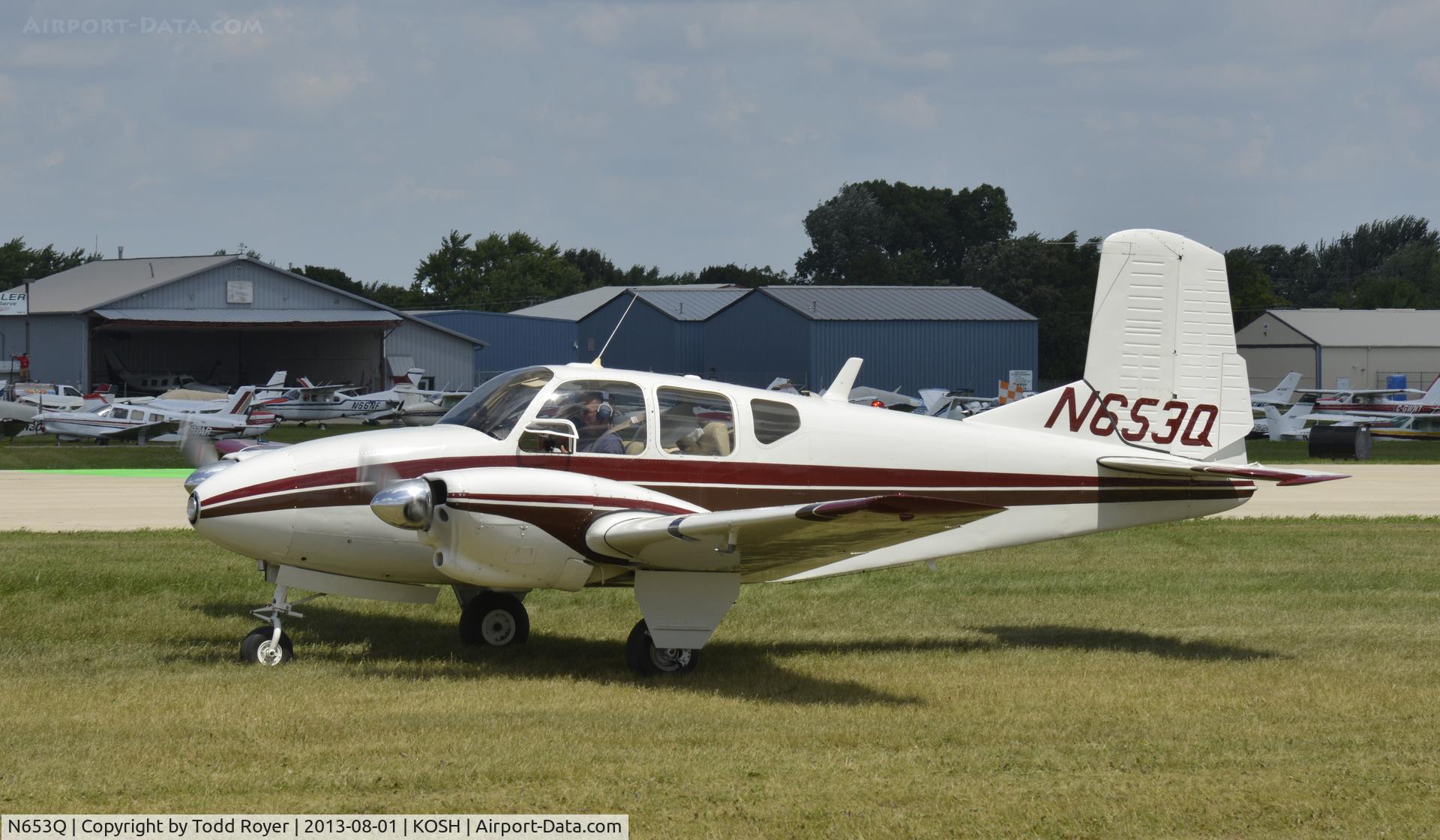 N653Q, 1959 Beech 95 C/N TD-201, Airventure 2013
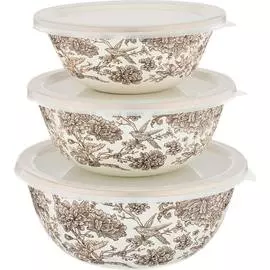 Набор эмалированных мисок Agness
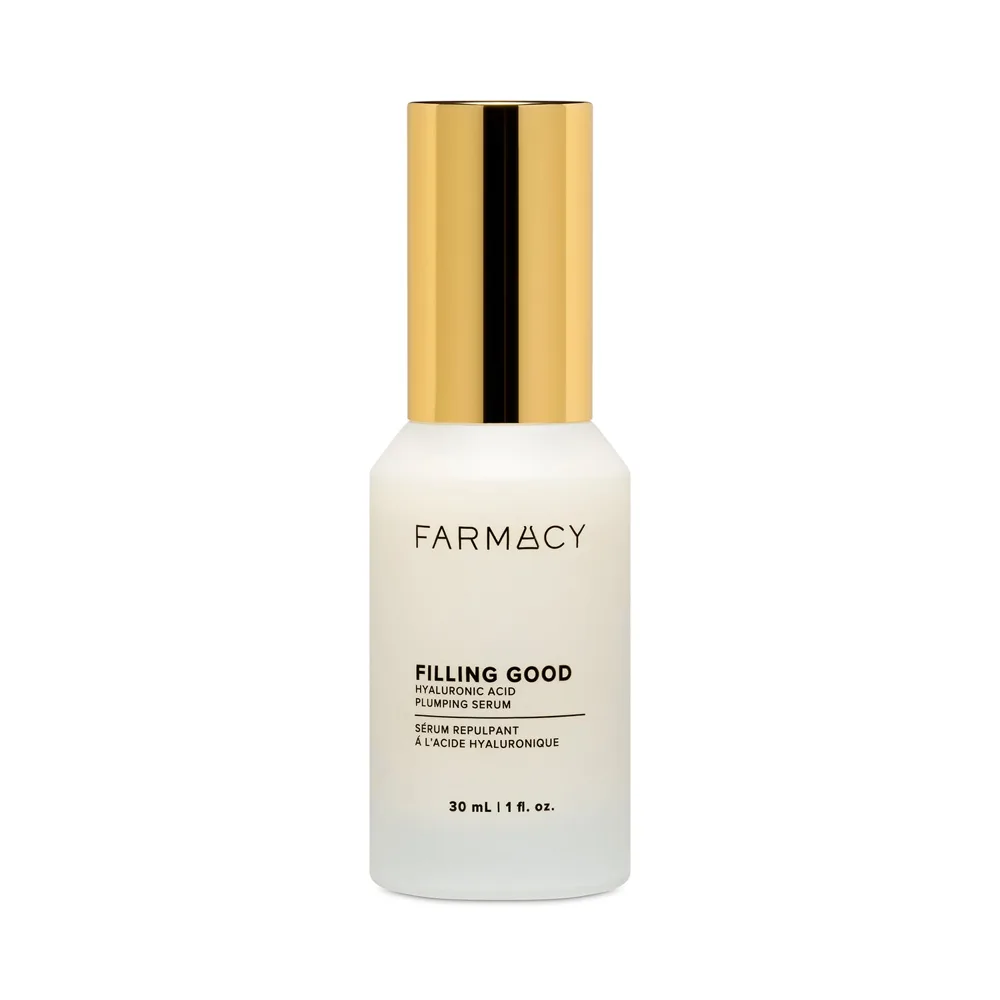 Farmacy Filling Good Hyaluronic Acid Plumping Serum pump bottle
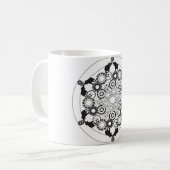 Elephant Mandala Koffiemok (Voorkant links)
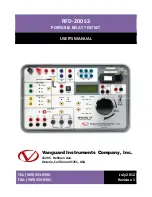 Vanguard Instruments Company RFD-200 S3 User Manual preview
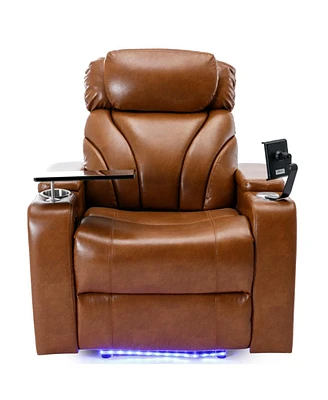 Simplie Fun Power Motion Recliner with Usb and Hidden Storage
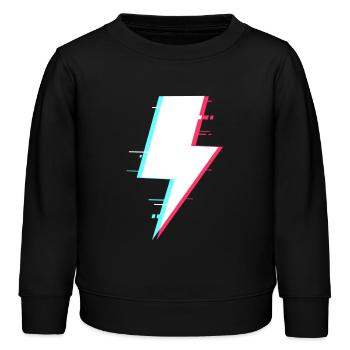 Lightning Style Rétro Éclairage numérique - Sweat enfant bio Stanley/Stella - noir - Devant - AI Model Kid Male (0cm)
────────────────────
EXERCISE PROMPT:
Write the listing out in full, exactly; no images.

TASK RESPONSE:
 N653Q, 1959 Beech 95 C/N TD-201, Airventure 2013
 Набор эмалированных мисок Agness
 Farmacy Filling Good Hyaluronic Acid Plumping Serum pump bottle
 Elephant Mandala Koffiemok (Voorkant links)
 Vanguard Instruments Company RFD-200 S3 User Manual preview
 Simplie Fun Power Motion Recliner with Usb and Hidden Storage
 Lightning Style Rétro Éclairage numérique - Sweat enfant bio Stanley/Stella - noir - Devant - AI Model Kid Male (0cm)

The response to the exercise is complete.